The jump in monthly inflation is largely driven by the hike in prices of food items on the back of flood-related supply disruptions.
The monthly inflation during September was driven by food inflation and analysts expect food prices to continue to drive monthly inflation over the coming owing to supply-side shocks arising from losses and disruptions caused by floods. Since July, prices of wheat and milk have been on an upward trajectory, which together contributes nearly 20% to the food basket. Analysts expect prices of these items to remain elevated for the next three-to-six months owing to crop destruction caused by floods in Sindh and potential delays in wheat imports and a massive loss to herd size, affecting milk production.
The real interest rates stand at about negative 11.4% which makes a case for interest rate hikes in the coming months. However, with the country currently grappling with the challenges posed by floods, the rate hikes may not materialize. That said, the decision not to raise interest rates in the face of soaring inflation may result in currency weakening even further.
Also, with US$ appreciating against all the major currencies in the world and interest rates in US likely to rise even further, the pressure may build on the central bank to raise interest rates, especially if the global central banks adopt a similar strategy to manage inflation in their jurisdictions.
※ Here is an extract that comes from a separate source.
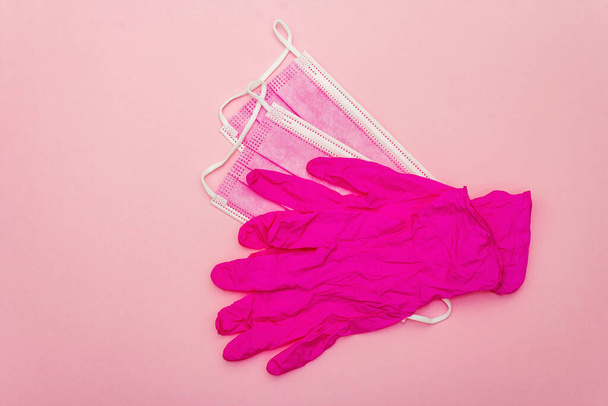 Fashion masks and glamour gloves isolated on pink background. Medical products for personal hygiene and the prevention of viral diseases. Coronavirus, COVID-19 pandemic, 2019-nCoV worldwide concept - Zdjęcie, obraz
With inflation likely to remain elevated over the foreseeable future, the equity market performance may remain jittery. Expectations of foreign inflows in the coming months have stemmed the decline in the currency which may give a short-term respite to the market.
Pakistan’s headline inflation is expected to reduce after the government announcement to disperse fuel electricity tariff adjustments for the masses and is expected to slay the forecast that could have been 26.96% as per the initial estimates.
The tariff deferral has been brought forth as a temporary relief as exemptions in terms of subsidies could not be granted under the renewed IMF Program. On the other hand, food inflation continues to be problematic as most of the softening of palm oil prices is yet to be priced in the domestic retail markets, whereas wheat prices have started soaring in the aftermath of floods.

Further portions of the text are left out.